**WHAT IS REQUIRED**.
Print nothing but the lines below starting at the line that holds "Indy - Piebald" and ending at the line that holds "アガベ 4号 海王｜観葉10-TU | 観葉・多肉,アガベ | 赤塚植物園", including both, each exactly as written.

**SOURCE DATA**.
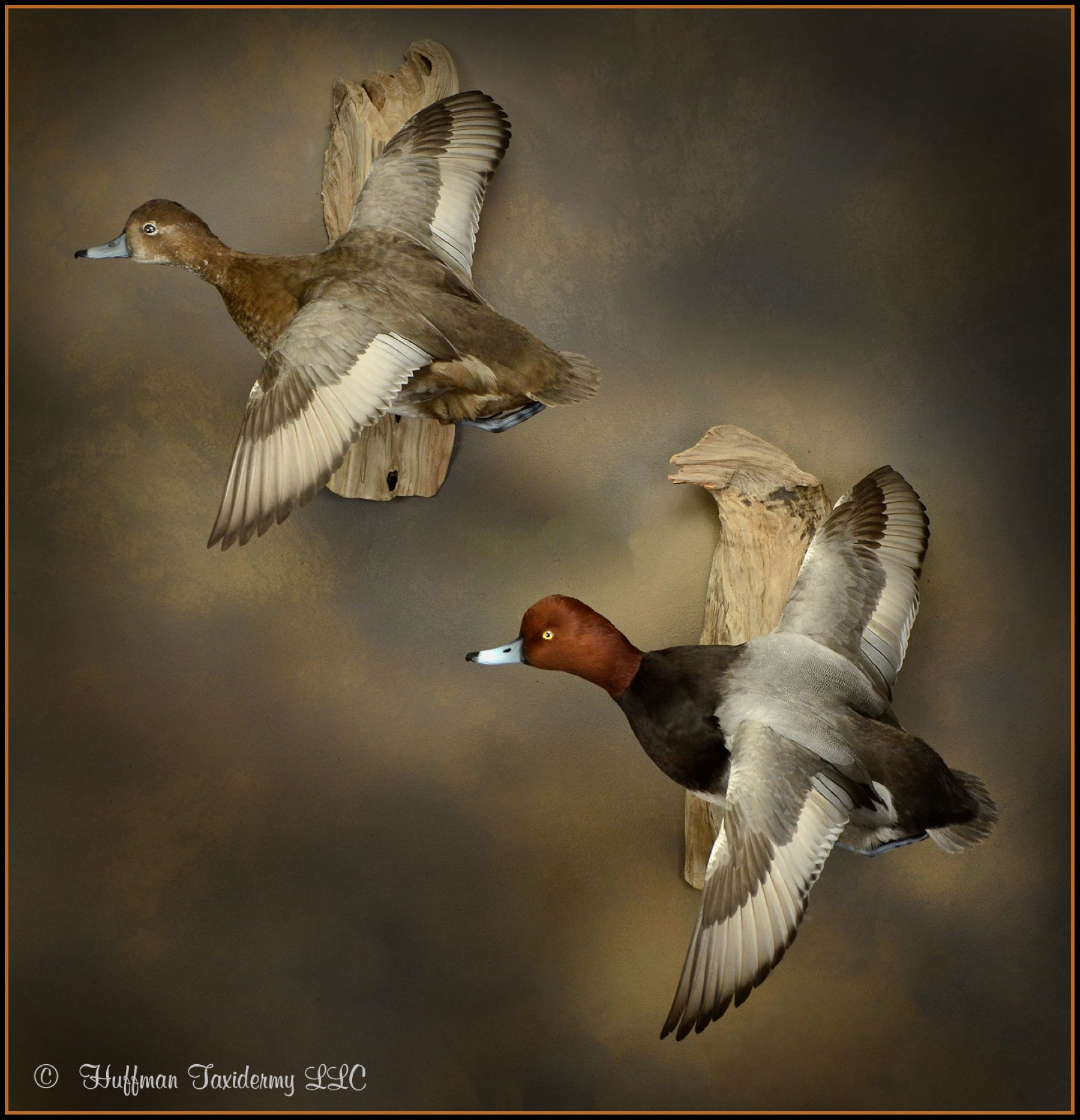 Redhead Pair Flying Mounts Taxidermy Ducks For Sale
--
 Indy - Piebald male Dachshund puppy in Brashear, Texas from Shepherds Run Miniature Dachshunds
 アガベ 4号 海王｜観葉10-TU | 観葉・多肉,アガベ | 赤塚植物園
==
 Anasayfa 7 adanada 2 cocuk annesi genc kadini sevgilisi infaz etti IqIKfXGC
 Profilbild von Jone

**EXERCISE ANSWER**.
 Indy - Piebald male Dachshund puppy in Brashear, Texas from Shepherds Run Miniature Dachshunds
 アガベ 4号 海王｜観葉10-TU | 観葉・多肉,アガベ | 赤塚植物園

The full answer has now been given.